▶ _ABOUT THIS EXERCISE_: When the line containing "Kuber Industries Leather" is reached, copy it and each subsequent line of the material below exactly, through the last line.

§

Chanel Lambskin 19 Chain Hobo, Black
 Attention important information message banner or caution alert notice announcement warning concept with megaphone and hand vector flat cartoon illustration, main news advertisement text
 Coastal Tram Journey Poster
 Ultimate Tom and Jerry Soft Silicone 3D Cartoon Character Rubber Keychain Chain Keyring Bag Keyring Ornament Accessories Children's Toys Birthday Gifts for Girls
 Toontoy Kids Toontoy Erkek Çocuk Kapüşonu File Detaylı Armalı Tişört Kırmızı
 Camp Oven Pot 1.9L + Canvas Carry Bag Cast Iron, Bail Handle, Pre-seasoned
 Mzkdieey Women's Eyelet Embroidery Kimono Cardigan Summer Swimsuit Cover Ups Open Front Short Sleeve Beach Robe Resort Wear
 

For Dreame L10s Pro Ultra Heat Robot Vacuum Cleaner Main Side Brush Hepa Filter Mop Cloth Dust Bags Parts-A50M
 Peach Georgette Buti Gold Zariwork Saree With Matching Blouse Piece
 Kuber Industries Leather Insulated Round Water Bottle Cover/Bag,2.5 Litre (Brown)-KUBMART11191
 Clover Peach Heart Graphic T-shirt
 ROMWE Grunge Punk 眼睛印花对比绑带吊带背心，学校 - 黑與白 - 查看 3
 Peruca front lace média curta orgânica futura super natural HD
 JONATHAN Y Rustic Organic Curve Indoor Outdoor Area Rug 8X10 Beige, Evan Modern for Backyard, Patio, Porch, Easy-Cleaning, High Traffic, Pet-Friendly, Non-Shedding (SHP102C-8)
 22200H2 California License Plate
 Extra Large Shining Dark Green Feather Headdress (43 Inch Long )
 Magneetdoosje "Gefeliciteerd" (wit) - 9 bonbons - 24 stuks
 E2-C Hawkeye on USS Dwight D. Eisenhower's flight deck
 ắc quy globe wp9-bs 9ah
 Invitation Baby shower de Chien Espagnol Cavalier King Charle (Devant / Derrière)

§

▶ _SOLUTION FOR THIS EXERCISE_:
 Kuber Industries Leather Insulated Round Water Bottle Cover/Bag,2.5 Litre (Brown)-KUBMART11191
 Clover Peach Heart Graphic T-shirt
 ROMWE Grunge Punk 眼睛印花对比绑带吊带背心，学校 - 黑與白 - 查看 3
 Peruca front lace média curta orgânica futura super natural HD
 JONATHAN Y Rustic Organic Curve Indoor Outdoor Area Rug 8X10 Beige, Evan Modern for Backyard, Patio, Porch, Easy-Cleaning, High Traffic, Pet-Friendly, Non-Shedding (SHP102C-8)
 22200H2 California License Plate
 Extra Large Shining Dark Green Feather Headdress (43 Inch Long )
 Magneetdoosje "Gefeliciteerd" (wit) - 9 bonbons - 24 stuks
 E2-C Hawkeye on USS Dwight D. Eisenhower's flight deck
 ắc quy globe wp9-bs 9ah
 Invitation Baby shower de Chien Espagnol Cavalier King Charle (Devant / Derrière)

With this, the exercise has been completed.